Tuesday, January 01, 2008
Paul Carrillo, Dirk Early and Ed Olsen have created a great new data set on Rent
It gives indexes of quality adjusted rents across American metropolitan areas. I am discussing the paper at the ASSA meetings this week; the authors finds a method for constructing hedonic price indexes for rent for MSAs and rural areas. They then compare costs for a typical, constant quality unit across MSAs. This is a very useful exercise--I will speak on issues involved with index construction, but my criticisms will be more quibbles than anything else.
The data they produce are fun to play with. The graph to the left is a scatter plot of rent against per capita income for 90 cities. The relationship is pretty tight, the correlation coefficient being about .55. Not bad for one variable.
If we look at another scatter plot between population and rent, we find a rather non linear relationship: there seems to be a critical population above which rents rise quite dramatically. These findings are rather good news for those of us who think the standard urban model gives us insight into systems of cities.

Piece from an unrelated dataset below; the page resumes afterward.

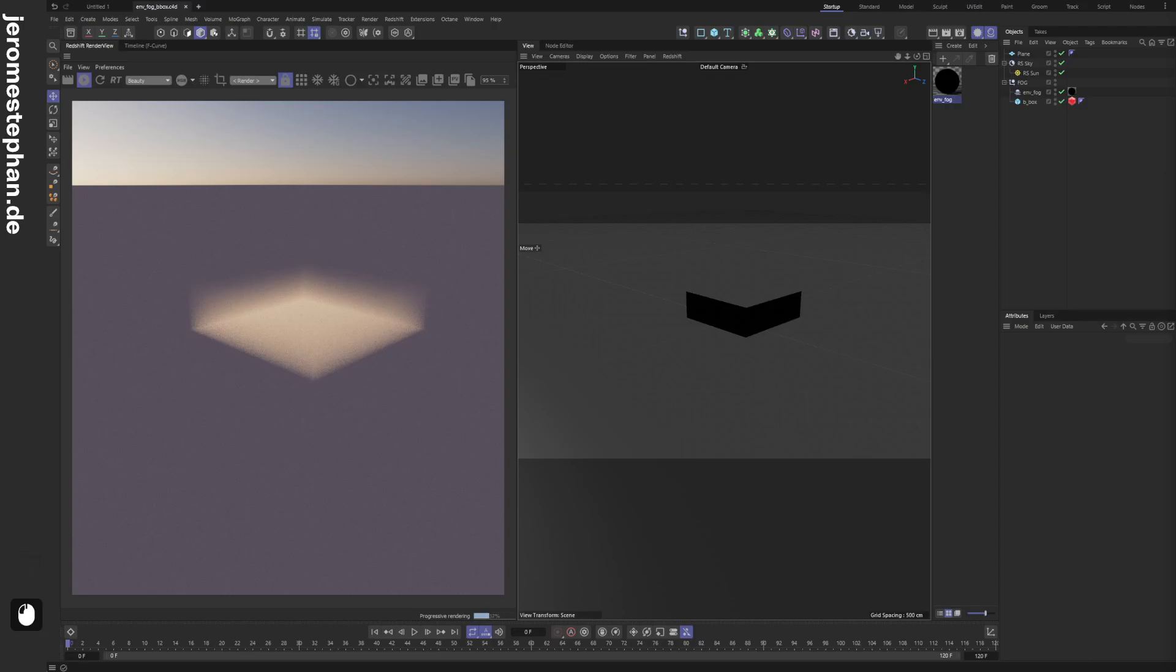Hey everyone! I'm here again with another small scene which I sometimes use in my projects to give the render a little bit more atmosphere and a little bit more vibe, if you will.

A regression using both income and population to explain rent produces an equation where an increase of 1 million population adds 2 percent to rent; while an income change of $1000 produces also a 2 percent change in cross section. Highest household income in the data was 22000 more than the lowest, meaning that income could explain a 44% difference in rent.
Still, one of the striking things about the CEO data is how little variation in rental costs there are in the US relative to house prices. This is the puzzle that is worth substantial examination.